For eventually the damage to the original does catch up. I found it increasingly hard to keep sympathy for the central pair, mother Irina and son Konstantin, Lesley Sharp and Brian Vernel, both acting as if via Tannoy in a storm.
Sharp makes a stage-hogging Irina, breathtakingly TOWIE on her first entrance, mutton dressed as WAG, swinging her shiny ponytail and shimmying alluringly in her backless onesie. Her voice honks through the hubbub with hints of Kenneth Williams, and when she isn’t being beastly to her son, she disintegrates into childishness, hunkering under the table with him inappropriately, or plopping onto the doctor’s lap, seeking kisses, and practically raping Boris. Virtuosic, but not really plausible. And Vernel invests Konstantin (why?) with an intrusive Scots accent and insistent delivery that becomes monotonous rather than haunting. So the tragedy is rather thrown away.

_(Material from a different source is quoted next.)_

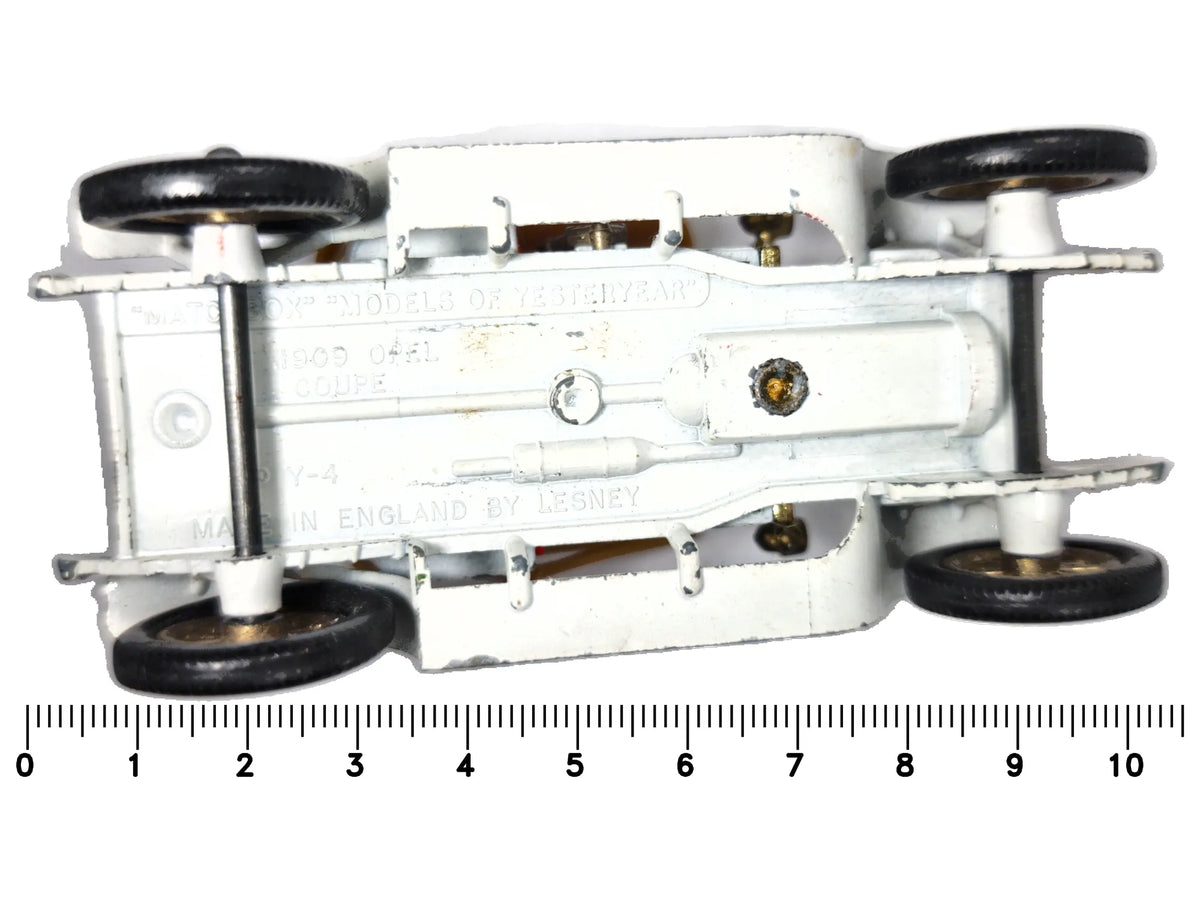 1909 Opel Coupe Matchbox '70 Biały 1:43 Made in England – zdjęcie 7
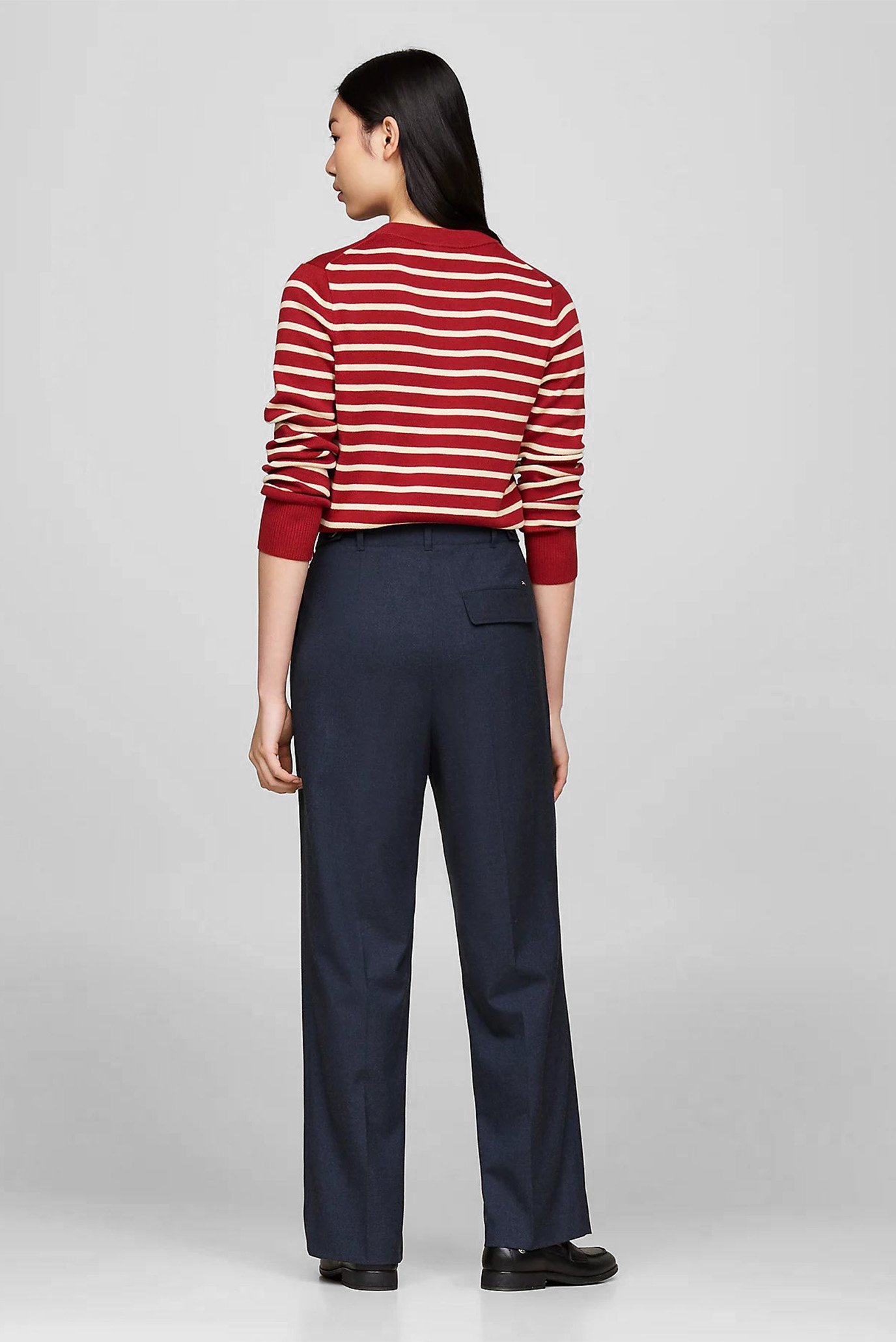 Женские темно-синие брюки FLANNEL RELAXED STRAIGHT 3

Much more interesting is the fresh playing of the autobiographical role, "man of letters" Boris, by Nicholas Gleaves. A reticent figure in a hat, belting his jeans selfconsciously, he is Mr Cellophane at first, which makes his outburst to the celebrity-obsessed Nina about the agony of being a writer who's certain of his own mediocrity all the more touching. It’s a little hard to believe that this man would behave so indecently to Nina later. Which is, of course, sadly relevant today.